For Want of a JOIN

Originally posted 2022-11-27

Tagged: software_engineering

Obligatory disclaimer: all opinions are mine and not of my employer

A story of a data pipeline gone wrong.

For want of a JOIN

Once upon a time, I was on a small team tasked with building a data pipeline. On this team was someone we’ll call Bob, who was fresh out of grad school and hadn’t had much experience with software engineering, and no experience with SQL. As part of this data pipeline, Bob had to combine the data from two tables. JOIN is a core feature of SQL, so this ought to be simple, right? Unfortunately, Bob hadn’t learned any SQL past SELECT and WHERE.

So, instead of joining the two tables:

python_client.query("SELECT * FROM A JOIN B ON = WHERE...")

Bob wrote:

rows = python_client.query("SELECT id FROM B WHERE...")
result = python_client.query("SELECT * FROM A WHERE id IN (%s)" % ', '.join(rows))

It worked, and other than the unnecessary second round-trip to the database, this worked just fine for our launch dataset. We had deadlines looming, so this code got checked in as is.

For want of a bounded query string

We launched, and started running this pipeline daily on the latest data dumps. One day, we hit the following error message:

ERROR: SQL query may not exceed 10,000 characters

Oops. As the JOIN condition grew, the generated SQL query was growing longer and longer, until BigQuery rejected it outright. Bob knew how to fix this problem! The IDs were at most 8 characters each, so accounting for the commas and whitespace, he could make sure to stay under the character limit:

rows = python_client.query("SELECT id FROM B WHERE...")
result = []
for chunk in more_itertools.chunked(rows, 1000):
    result.extend(python_client.query("SELECT * FROM A WHERE id IN (%s)" % ', '.join(chunk)))

The code chugged along.

For want of a fast pipeline

As our dataset continued to grow, the number of chunks in this for loop ticked upwards. Eventually, as the pipeline execution time started to push several hours, the team made a push to optimize the pipeline. Bob added concurrent queries to parallelize the code:

rows = python_client.query("SELECT id FROM B WHERE...")
pending_queries = []
for chunk in more_itertools.chunked(rows, 1000):
    pending_queries.append("SELECT * FROM A WHERE id IN (%s)" % ', '.join(chunk)))

results = list(itertools.chain(*(q.result() for q in pending_queries)))

This brought execution time back down to a more tolerable slowness.

For want of parallel queries

Unfortunately, this solution was but a band-aid.

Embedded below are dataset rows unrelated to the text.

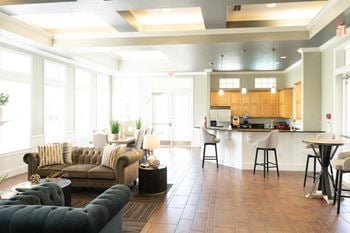 Clubhouse with tufted sofas and kitchen bar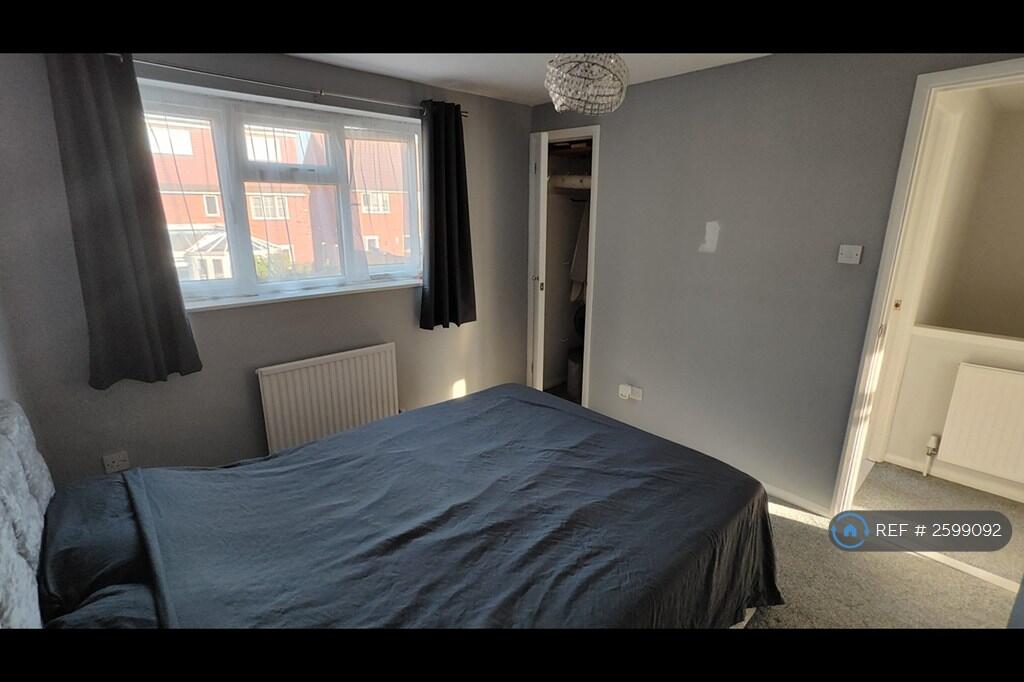 Primary Bedroom (Double) &amp; Built-In Cupboard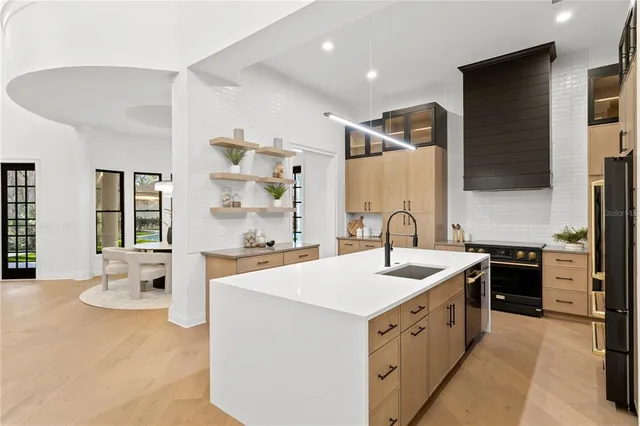 a kitchen with a sink stainless steel appliances and furniture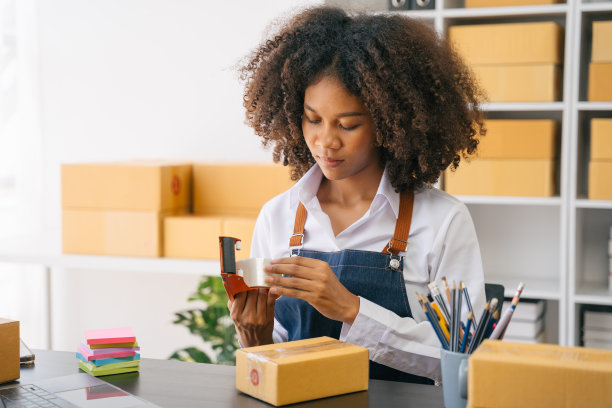 创业小企业主在家工作，用胶带密封纸箱，网上购物业务，电子商务和交付给客户的概念。图片下载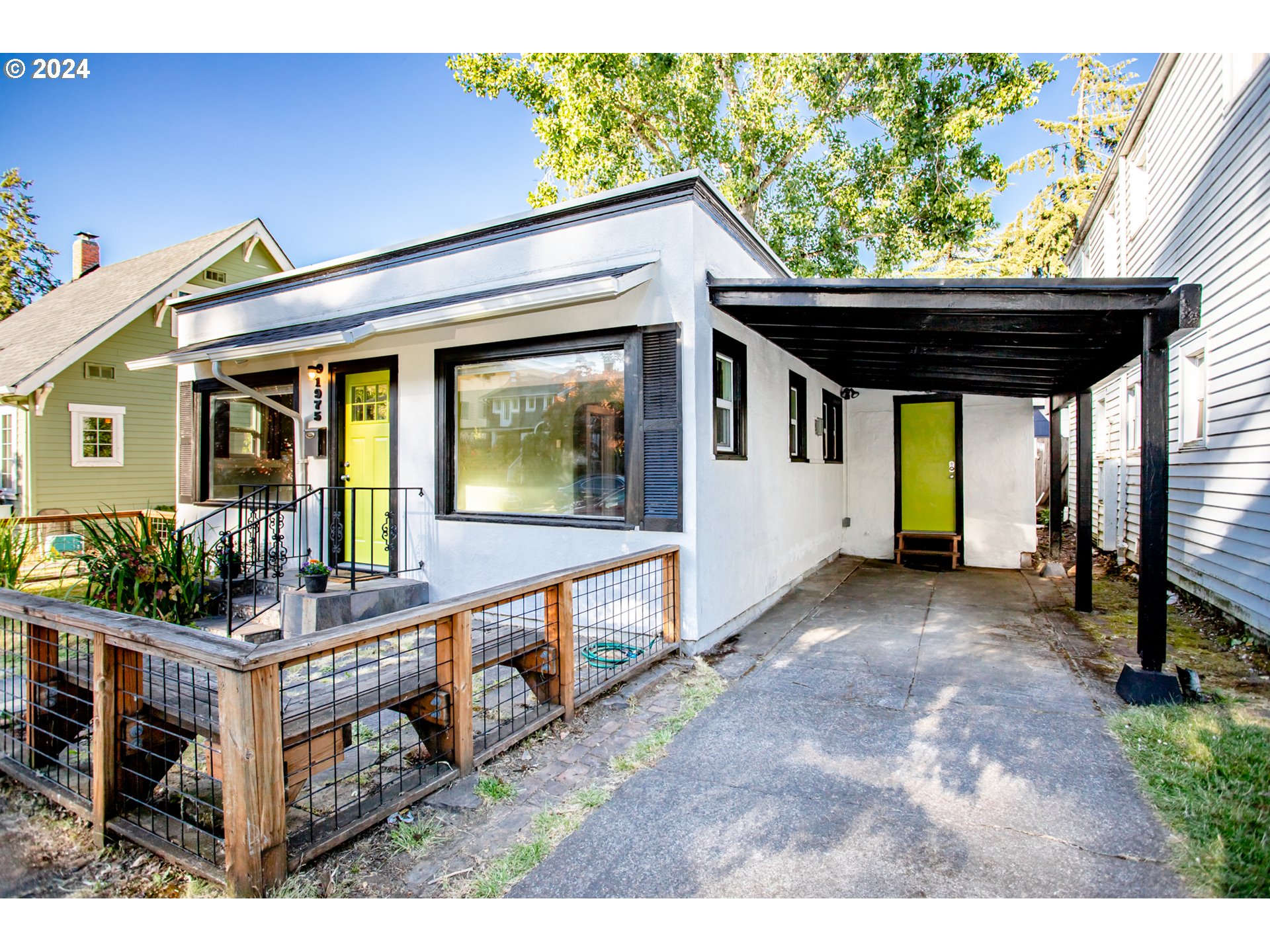 1975 Emerald Street Eugene, OR 97403 - Photo 1 of 19 a view of house with outdoor seating and trees in the background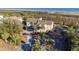 Aerial view of a coastal home nestled among lush greenery, offering privacy and serenity at 2238 Catesbys Blf, Seabrook Island, SC 29455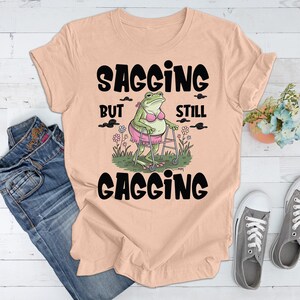 May include: A light peach t-shirt featuring a graphic of a frog wearing a pink bikini and using a walker. The text "Sagging But Still Gagging" is printed on the shirt.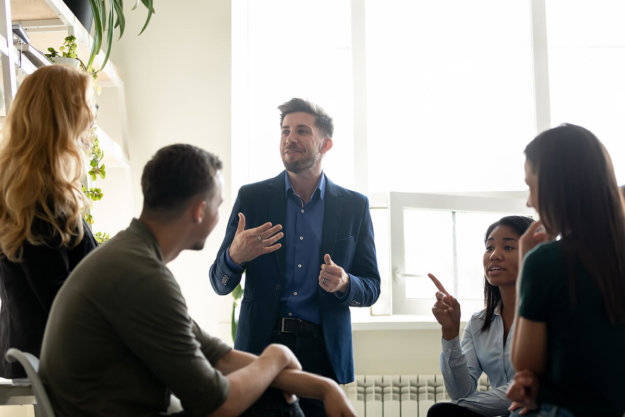 man explaining to group What Are Co-Occurring Disorders
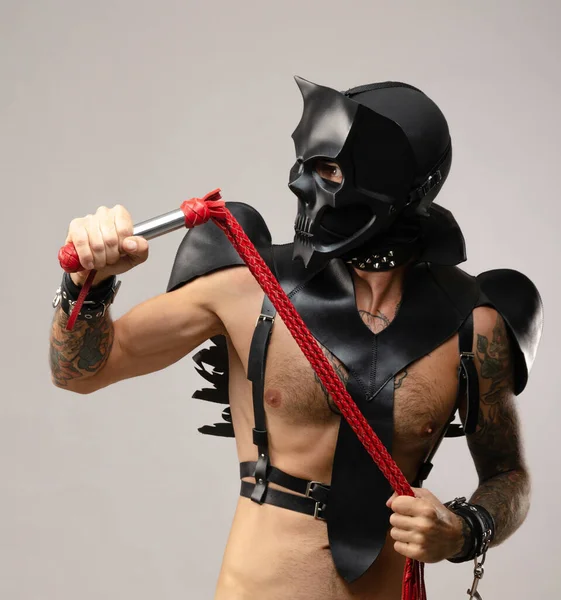 Egy férfi szado-mazo-ban koponya démon maszkot visel ostorral, bőresőkabátba öltözve bőrkarkötőkkel és szíjakkal a testén. — Stock Fotó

We ran into the following error not long afterwards:

WARNING: Concurrent INTERACTIVE query limit reached (50). To increase concurrent queries, drop to BATCH priority, or contact us to increase your quota limits.

Bob did both, firing off an email to our GCP contact and dropping our query priority to BATCH. I don’t remember what happened to our quota, but what I do remember is that our pipeline didn’t get any faster… BATCH priority meant that our queries could take arbitrarily long to execute, depending on whether BigQuery was having a busy day! Our pipeline execution times bounced around between a few hours to half a day. Despite each day’s pipeline run kicking off around midnight, we started getting questions from our analysts around 8AM about where today’s data was.

The project…?

I didn’t stay around long enough to see the next iteration of this train wreck.

As they say, “A month in the lab saves an hour in the library”, and I’d definitely commented on the JOIN statements during the initial code review. Unfortunately this change had been buried in a 2,000-line diff, and with looming launch deadlines, our TL/M told us to ship it.

In retrospect, the missing JOINs were just a smoulder. That smoulder eventually turned into a fire, but many other things were already on fire. The aforementioned TL/M, a first time homeowner, had their water pipes burst over the holidays, just weeks before our launch date in January. I’ve never seen someone under so much stress to try and make an immovable launch deadline! We also had to politely tell our partners that, no, CSV didn’t just mean “wrap the fields in double quotes and join them with commas and newlines”. Our on-call shifts were best described as disappointing. Imagine being woken up at 4AM to find out that some user submitted a fake phone number, uncovering an edge case where the frontend phone number validator disagreed with the backend validator. Of course, our leadership, who mandated that all signup errors warranted paging the on-call, was equally to blame! And when the fix was submitted for the phone number bug, bureaucratic Q/C processes meant that our on-calls continued to be paged for bogus phone numbers for a few more weeks. So yes, much fire.

What lessons should you take away from this episode? Here’s a few:

  • Learn the capabilities of your tools. With the exception of NPM modules, most tools are designed to solve problems, possibly the ones you have.
  • Don’t let junior SWEs get 2000 lines into a change before submitting a pull request.
  • Operate on data where it resides. Python is a control plane, not a data plane.
  • If you encounter an unusually round system limit, you’re probably using the system in a way its designers never imagined.
  • Parallelizing something you haven’t optimized first is as likely to make it slower as it is to speed it up.